Now... I have to decide if I want to tackle IWD2 (heard some not so good things about it), or just go onto Planescape: Torment EE.

lolienThacoBellNoonGusindaRaduzielStummvonBordwehrlost1

Comments

  • lolienlolien Member, Moderator, Translator (NDA) Posts: 2,510
    Nice summary, thanks for sharing.

  • RaduzielRaduziel Member Posts: 2,664
    edited July 7
    There's a reason why IWD throws waves and waves of mobs to the party's direction: we are entering their lair. Unlike BG(2)EE, IWD consists basically of invading an enemy habitat. It's quite obvious to me why we have a ton of hostiles to neutralize.

    The only similar experience that we have in all BG Saga, from the top of my head, is the bandit camp. And we are comparing a race's ancestral home (Dragon's Eye) to a... camp. Other then trespassing, the game does explain the number of enemies since Kuldahar Pass.

    IMHO, every single game gets repetitive and tedious with rest abuse. Since I started playing IWD with a "rest only with RP" policy the game became way better because I had to vary my strategy and save resources - when you face the game that way, the way a GM would enforce a dungeon crawl, every hit point and spell and potion matters and things get quite interesting. Adding this to a "no-reload until every party member is dead" makes IWD by far the most interesting and challenging game of the IE Engine.

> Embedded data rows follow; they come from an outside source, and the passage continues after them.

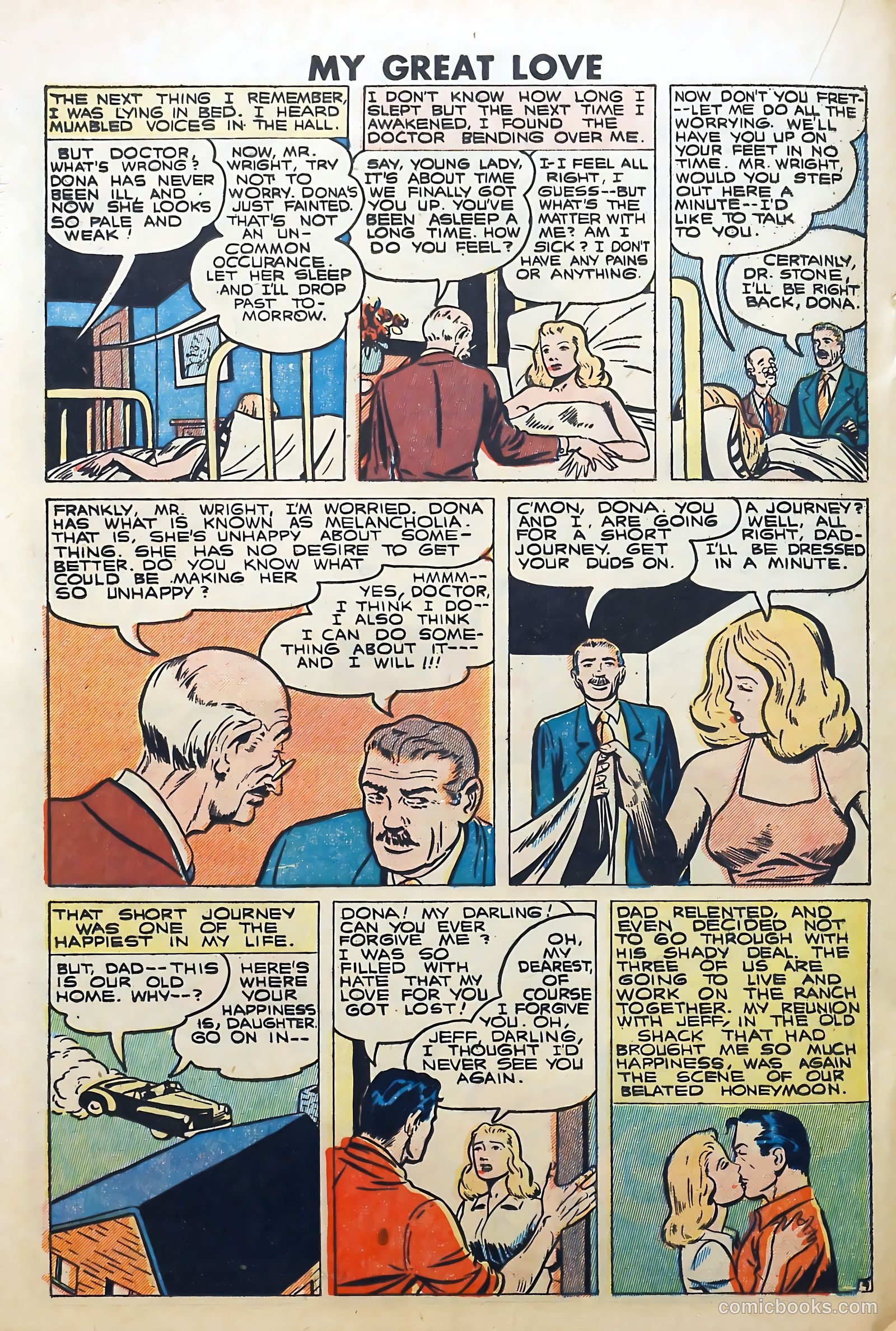 My Great Love #1 (1949) — page 20 of 36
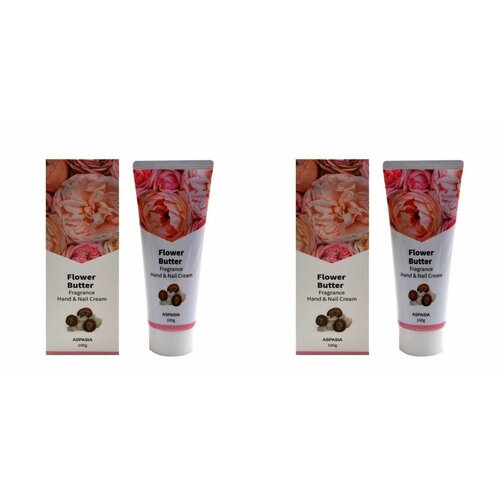 Aspasia Крем для рук и и ногтей С цветочными экстрактами, 100 г, 2 шт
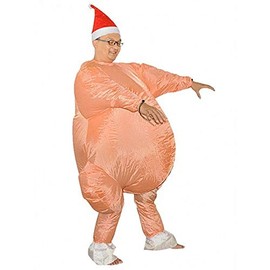 Christmas Roast Turkey Inflatable Fancy Dress Costume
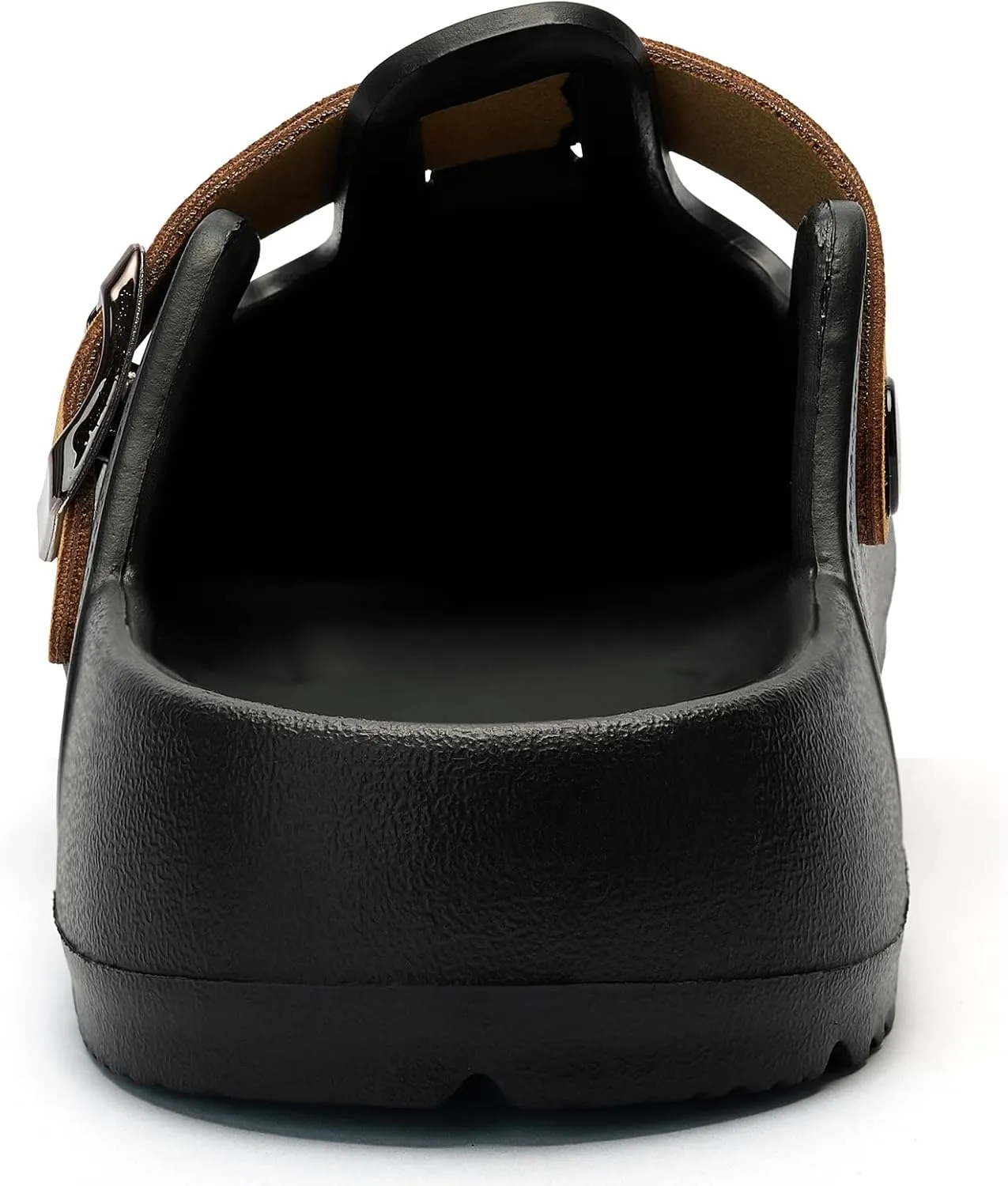 Axcone Womens Clogs Soft Footbed Mules Non-Slip Garden Work Shoes Double Buckle Adjustable EVA Flat Sandals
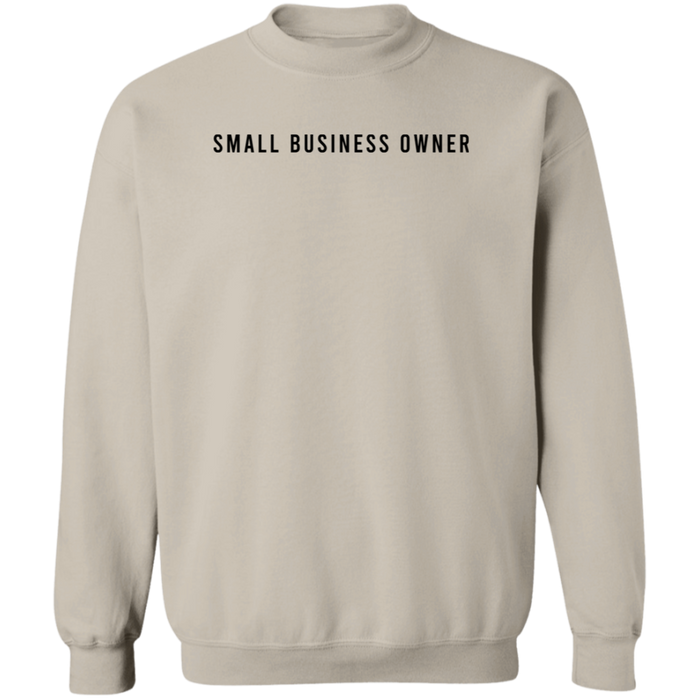 Small Business Owner crewneck sweatshirt in Sand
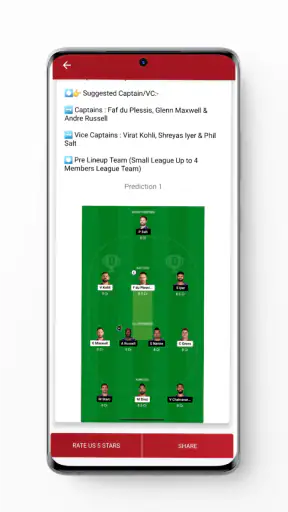 Fantasy247-Team Prediction App screenshot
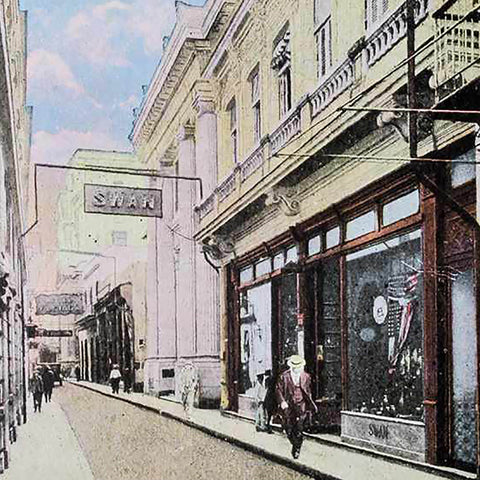 1930s Havana Obispo Street Postcard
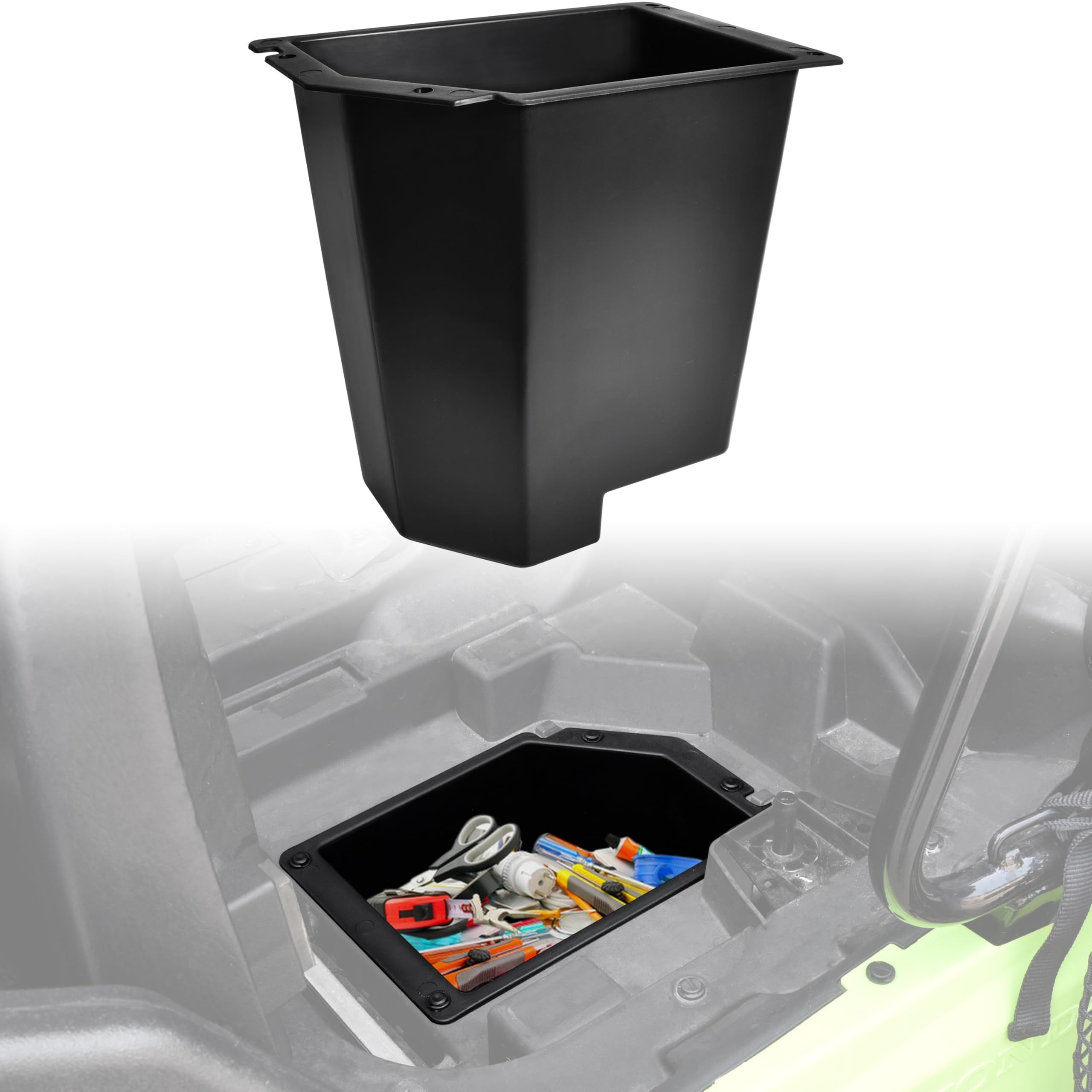 SAUTVS Under Seat Storage Box Compatible with Honda Pioneer 520 2021-2025, Pioneer 500 2015-2023 Accessories, Water Resistance 8.9L Under Driver Seat Storage Bin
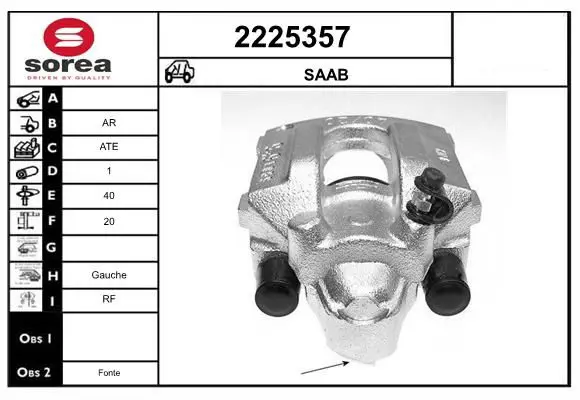 Handler.Part Brake caliper EAI 2225357 1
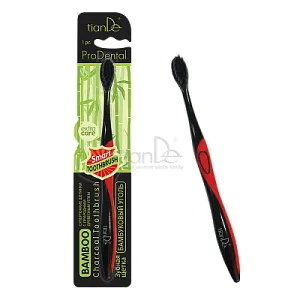 TianDe Zubná kefka Bambusové uhlie od 4,55€ - snehobiely, dokonca, bambusové, tiande naplaste na nadchu, tiande eu, tiande foot phytogelslaviton gel
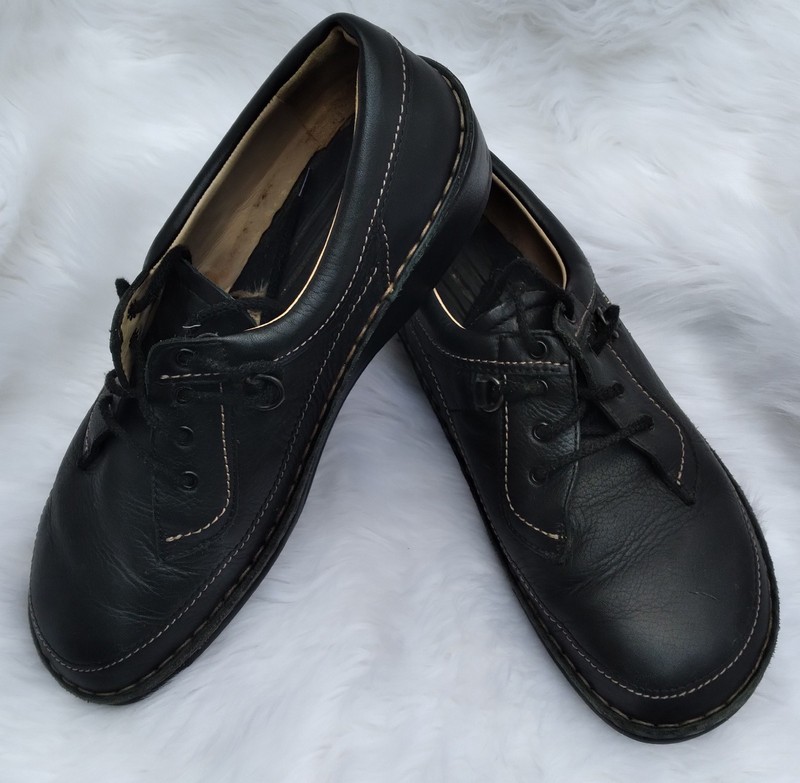 Finn Comfort Vaasa Black Leather Comfort Oxford Shoes Sz EU 40 Model # 537850  9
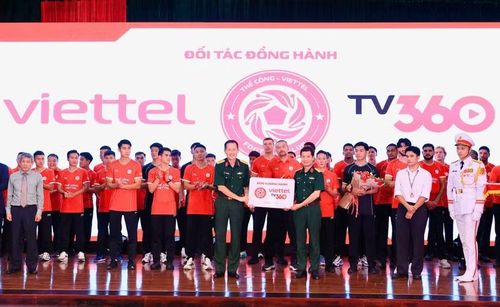 Thể Công Viettel tăng tốc với 11 tân binh, quyết đua ngôi vô địch V-League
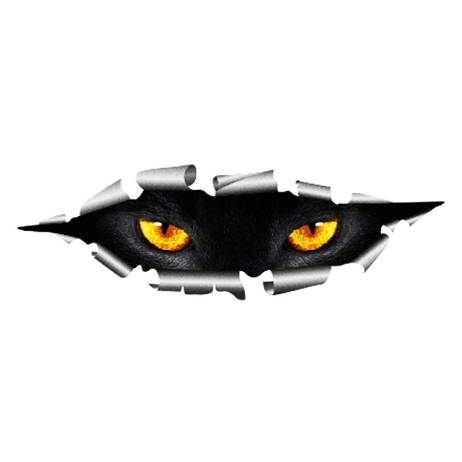 Cool 3D Car Styling Funny Cat Eyes Peeking Car Sticker Waterproof Peeking Monster Auto Accessories Whole Body Cover for All Cars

    In BG(2)EE sooner or later you'll be fully packed in magical items (that you can previous plan when and where to get) and just walk destroying everything in your path. That's why SCS was made for BG(2), that's why many of the No-Reload challenges are in BG, that's why people install Item Randomizer in BG(2), etc. The game is tedious easy.

    IWD doesn't need any of this. As long as you don't rest abuse, the game will challenge you for every inch you try to gain in a dungeon. If you invade an army quarter you should expect resistance.